L’homme n’est heureux qu’autant qu’il désire; la possession amène la satiété, l’ennui, le spleen, la mort; l’homme comblé de biens est bien plus près du suicide que celui auquel la misère impose les plus dures privations. «Tu es bien heureux d’avoir faim», disait un grand seigneur à un mendiant qui lui demandait l’aumône; les sots trouvent ce mot atroce, moi je ne le trouve que juste: le mendiant avait cinq sens, et le grand seigneur n’en avait plus; à l’un l’avenir pouvait apporter mille jouissances; à l’autre, il ne pouvait apporter qu’ennui et dégoût.

Ce que je dis ici, je le pensais à dix-sept ans; il est vrai qu’alors j’avais bien joui de la vie. Déjà, depuis plus d’un an, Bertrand et moi connaissions toutes les joies de monde; nous étions saturés de voluptés, nos sens s’émoussaient. Bertrand devenait moins poltron à mesure que je me sentais moins d’audace et de résolution; la société nous conduisait au même point par des chemins opposés. Il est vrai que la fortune nous traitait en véritables enfants gâtés: on eût dit qu’elle semait tout exprès des dupes sous nos pas. Mais c’était toujours le même manège; c’était chaque jour quelques cartes à escamoter: une main légère à promener dans quelques poches afin de remplacer l’or sottement dissipé la veille; tout cela était d’une monotonie désespérante: il y avait de quoi donner des nausées.

Nous en étions là, lorsque j’appris que mon respectable père avait disparu après avoir réalisé ce qui lui restait de fortune. Jérôme-Brutus n’avait pas été plus heureux à l’armée d’Italie qu’à celle de Sambre-et-Meuse; ses souliers de carton avaient été fort mal reçus par le jeune général qui commençait alors son immortalité; et, sur l’avis de Bonaparte, le ministre refusa de payer les fournitures et fit arrêter le fournisseur. Jérôme comprit alors qu’il n’avait qu’un parti à prendre; il sentit qu’il fallait agir promptement, sans hésitation; en conséquence il acheta bien vite sa liberté, moyennant cent mille francs, car tout se vendait alors comme aujourd’hui; puis il fit argent des propriétés qui lui restaient, et il partit, laissant un passif de cinq cent mille francs, et un actif de zéro.

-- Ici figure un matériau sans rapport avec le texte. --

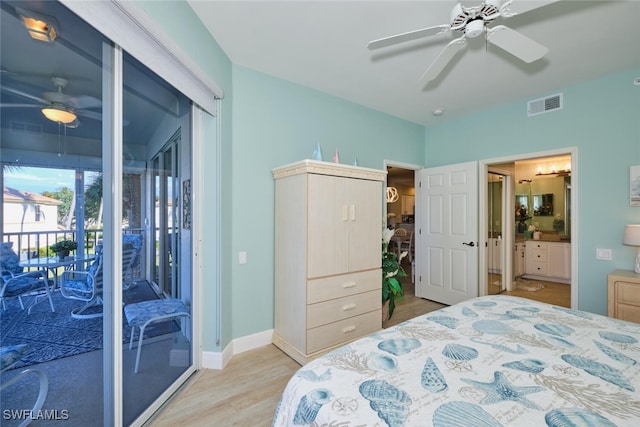 bedroom featuring ensuite bathroom, visible vents, baseboards, light wood finished floors, and access to outside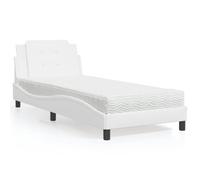 Lit 90x190 cm avec Matelas Blanc Similicuir, Cadre de Moderne avec Tête de Lit Rembourrée, Sommier à Lattes et Matelas en Mousse Confortable pour Chambre à Coucher, Dormez Mieux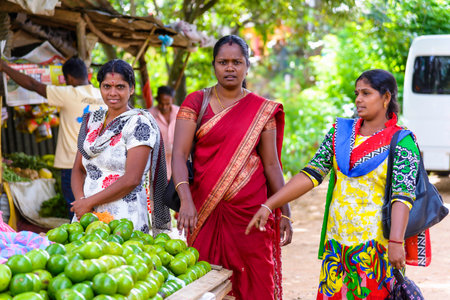 Divithotawela, Sri Lanka - August 20, 2017: Three unidentified women in traditional clothes are shopping at the local marketのeditorial素材
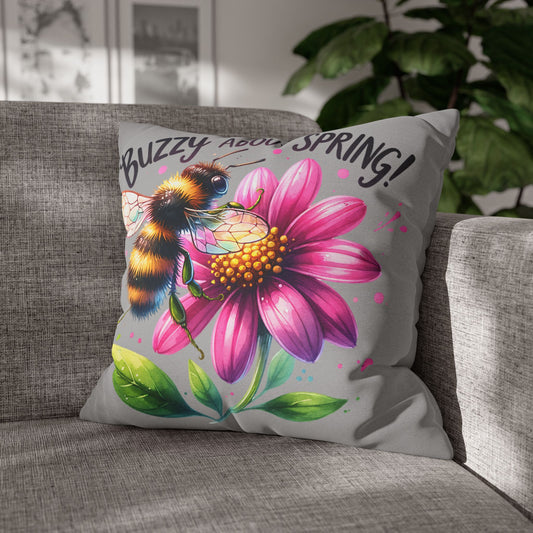 Buzzing Spring Pillowcase - Bee Decor Floral Cushion Cover for Spring Home Decor, Perfect Gift for Bee Lovers and Nature-Inspired Decor - VYBE Shop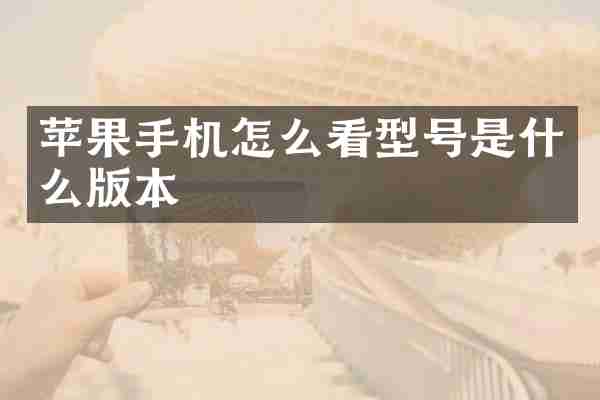 苹果手机怎么看型号是什么版本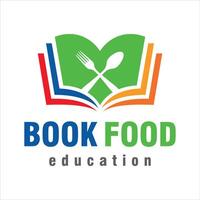 livro Comida Educação logotipo Projeto modelo vetor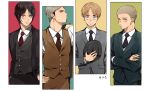  4boys armin_arlert blonde_hair blue_eyes brown_eyes brown_hair connie_springer deadpan eren_yeager formal grey_hair happy hat holding holding_hat holding_jacket jacket jean_kirchstein looking_at_viewer male_focus medium_hair multiple_boys necktie shingeki_no_kyojin shirt short_hair sideburns silver_eyes smile suit tonshi vest vest_over_shirt yellow_eyes 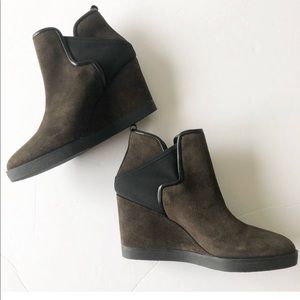 Donald Pliner Wedge Bootie - Dark Brown Suede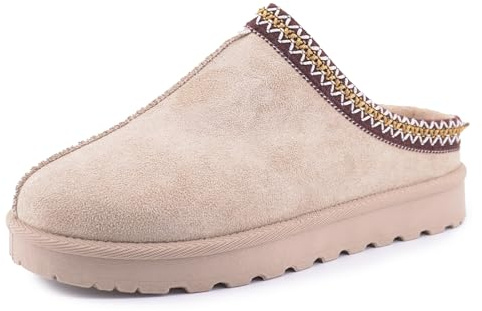 JOMIX Zapatillas de Casa Mujer Pantuflas Invierno Calentitas con Forro Peluche Antideslizantes Cómodas y Suaves Zuecos de Felpa con Punta Cerrada Mule para Estar por Casa X007 Beige 41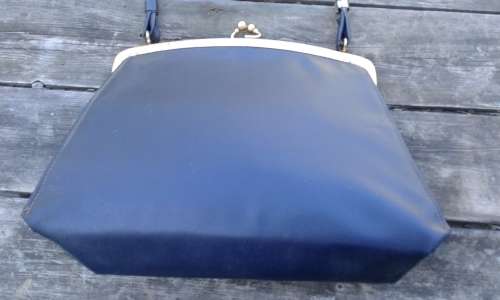 Vintage 1960s Navy Blue Vinyl Handbag Bag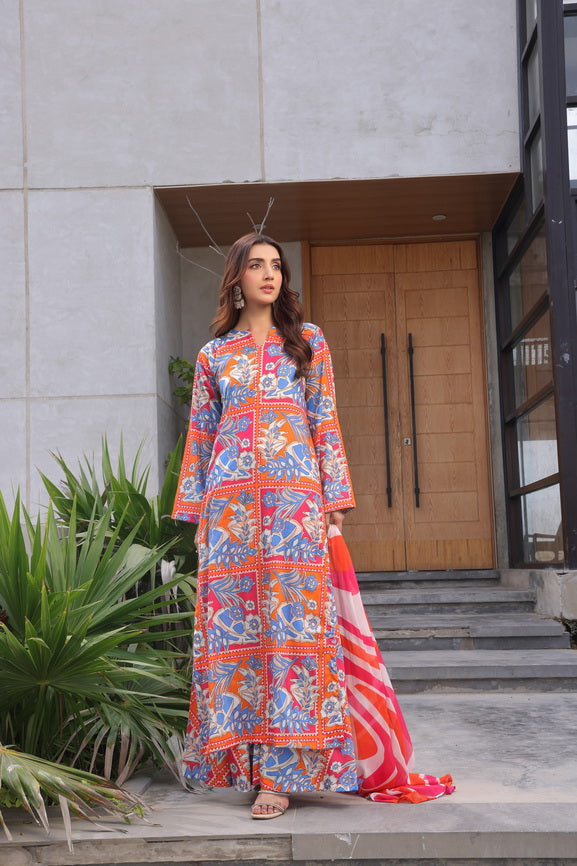 Feathers Whisper Winds Unstitched Printed Lawn 3Pc Suit VARIZEN-FT486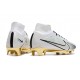 Nike Zoom Mercurial Superfly 9 Elite FG White Gold Black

Tout cela s’était fait sans que j’en susse rien, par la raison toute simple que je n’avais pas jugé à propos de donner de mes nouvelles à Jérôme-Brutus depuis la métamorphose du mandat qu’il m’avait si généreusement envoyé. Je n’appris ces événements que par hasard.

–Parbleu! me dis-je, mon respectable père raisonne mieux que moi; il veut posséder afin d’être fort; la fortune est bien certainement la plus grande puissance du monde, et ce n’est pas être riche que de n’avoir à dissiper chaque jour que le produit de la veille, quel qu’en soit le chiffre.

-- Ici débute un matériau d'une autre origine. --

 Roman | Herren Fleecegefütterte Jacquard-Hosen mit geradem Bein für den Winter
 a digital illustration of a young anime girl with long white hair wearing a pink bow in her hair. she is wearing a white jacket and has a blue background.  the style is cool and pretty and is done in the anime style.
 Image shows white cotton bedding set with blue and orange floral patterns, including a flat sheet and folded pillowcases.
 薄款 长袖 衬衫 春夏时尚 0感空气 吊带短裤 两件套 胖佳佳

Cette journée suffit pour me rendre toute mon énergie.

–Bertrand! m’écriai-je, nous vivons comme des sots!

–Tu crois, Robert? alors il faut convenir qu’il y a des sots qui ne vivent pas trop mal.

–Mais, mon ami, nous ne possédons rien.

–C’est-à-dire peu de chose, une dizaine de mille francs pour le moment, et puis des talents qui font que, lorsqu’il n’y en a plus, il y en a encore.

–A la bonne heure; mais tout cela neme suffit plus; il me faut de la puissance; j’ai soif de pouvoir, de domination. Je veux me régénérer, et toi?…...

–Mon Dieu, je ne demande pas mieux; est-ce que je n’ai pas l’habitude de vouloir tout ce que tu veux?…... Pourtant, il y a un proverbe qui dit: «A moitié bien, il faut s’y tenir.»

–Ton proverbe n’a pas le sens commun, et, d’ailleurs, je trouve que nous sommes excessivement mal.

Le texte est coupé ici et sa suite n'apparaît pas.